## Record set
........

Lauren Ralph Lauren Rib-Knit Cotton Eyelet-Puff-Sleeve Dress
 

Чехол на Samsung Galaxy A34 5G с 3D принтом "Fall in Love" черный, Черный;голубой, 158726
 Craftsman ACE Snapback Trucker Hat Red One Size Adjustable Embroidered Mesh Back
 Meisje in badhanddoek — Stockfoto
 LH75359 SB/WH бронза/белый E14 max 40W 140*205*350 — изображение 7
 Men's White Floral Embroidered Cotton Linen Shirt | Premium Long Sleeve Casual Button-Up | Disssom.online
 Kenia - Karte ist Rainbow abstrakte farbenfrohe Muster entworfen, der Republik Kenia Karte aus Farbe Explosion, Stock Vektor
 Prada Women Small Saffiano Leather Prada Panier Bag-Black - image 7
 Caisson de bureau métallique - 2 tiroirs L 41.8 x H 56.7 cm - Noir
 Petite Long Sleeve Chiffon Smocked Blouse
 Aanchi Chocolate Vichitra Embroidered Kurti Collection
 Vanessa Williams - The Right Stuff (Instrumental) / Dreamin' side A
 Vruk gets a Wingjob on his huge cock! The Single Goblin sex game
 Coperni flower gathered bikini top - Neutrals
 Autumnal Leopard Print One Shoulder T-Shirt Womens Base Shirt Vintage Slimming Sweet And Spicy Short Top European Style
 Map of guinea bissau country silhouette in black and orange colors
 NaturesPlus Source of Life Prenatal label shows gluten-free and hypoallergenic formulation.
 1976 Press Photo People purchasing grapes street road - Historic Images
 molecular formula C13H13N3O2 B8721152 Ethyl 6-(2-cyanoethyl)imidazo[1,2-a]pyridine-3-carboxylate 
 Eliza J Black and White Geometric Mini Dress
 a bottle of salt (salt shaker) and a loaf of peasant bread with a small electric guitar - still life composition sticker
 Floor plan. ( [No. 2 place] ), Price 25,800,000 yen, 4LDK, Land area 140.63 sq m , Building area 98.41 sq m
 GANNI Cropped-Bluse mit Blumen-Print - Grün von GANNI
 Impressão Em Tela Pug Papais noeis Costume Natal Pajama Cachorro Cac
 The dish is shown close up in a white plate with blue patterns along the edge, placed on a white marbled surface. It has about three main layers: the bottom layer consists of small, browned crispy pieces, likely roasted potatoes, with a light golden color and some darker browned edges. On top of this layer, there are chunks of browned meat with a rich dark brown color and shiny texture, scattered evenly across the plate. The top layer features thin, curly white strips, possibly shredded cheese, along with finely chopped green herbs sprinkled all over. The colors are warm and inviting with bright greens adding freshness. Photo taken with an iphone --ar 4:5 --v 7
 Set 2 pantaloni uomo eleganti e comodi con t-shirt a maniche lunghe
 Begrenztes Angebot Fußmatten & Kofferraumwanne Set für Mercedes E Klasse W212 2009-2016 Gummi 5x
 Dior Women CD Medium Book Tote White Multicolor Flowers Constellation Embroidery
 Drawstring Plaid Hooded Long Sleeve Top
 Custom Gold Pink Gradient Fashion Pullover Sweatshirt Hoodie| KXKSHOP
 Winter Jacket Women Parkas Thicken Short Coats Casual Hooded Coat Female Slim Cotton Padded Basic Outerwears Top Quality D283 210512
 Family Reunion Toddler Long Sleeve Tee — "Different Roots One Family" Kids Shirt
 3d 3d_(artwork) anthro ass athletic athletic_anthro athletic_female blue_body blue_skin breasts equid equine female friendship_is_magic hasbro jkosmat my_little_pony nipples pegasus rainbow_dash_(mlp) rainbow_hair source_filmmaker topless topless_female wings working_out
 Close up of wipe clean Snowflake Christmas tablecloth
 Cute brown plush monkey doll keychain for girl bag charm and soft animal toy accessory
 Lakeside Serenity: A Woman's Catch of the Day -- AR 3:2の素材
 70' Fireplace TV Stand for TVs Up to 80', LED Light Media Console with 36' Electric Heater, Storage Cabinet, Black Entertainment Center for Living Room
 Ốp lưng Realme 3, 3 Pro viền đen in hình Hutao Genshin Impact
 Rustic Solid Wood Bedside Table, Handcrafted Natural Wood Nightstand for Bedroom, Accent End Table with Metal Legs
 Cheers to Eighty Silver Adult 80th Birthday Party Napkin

........

## Assignment
For every line in the material above, note whether the word "Photo" appears, then state the number of lines where it does and nothing else.

## Written answer
2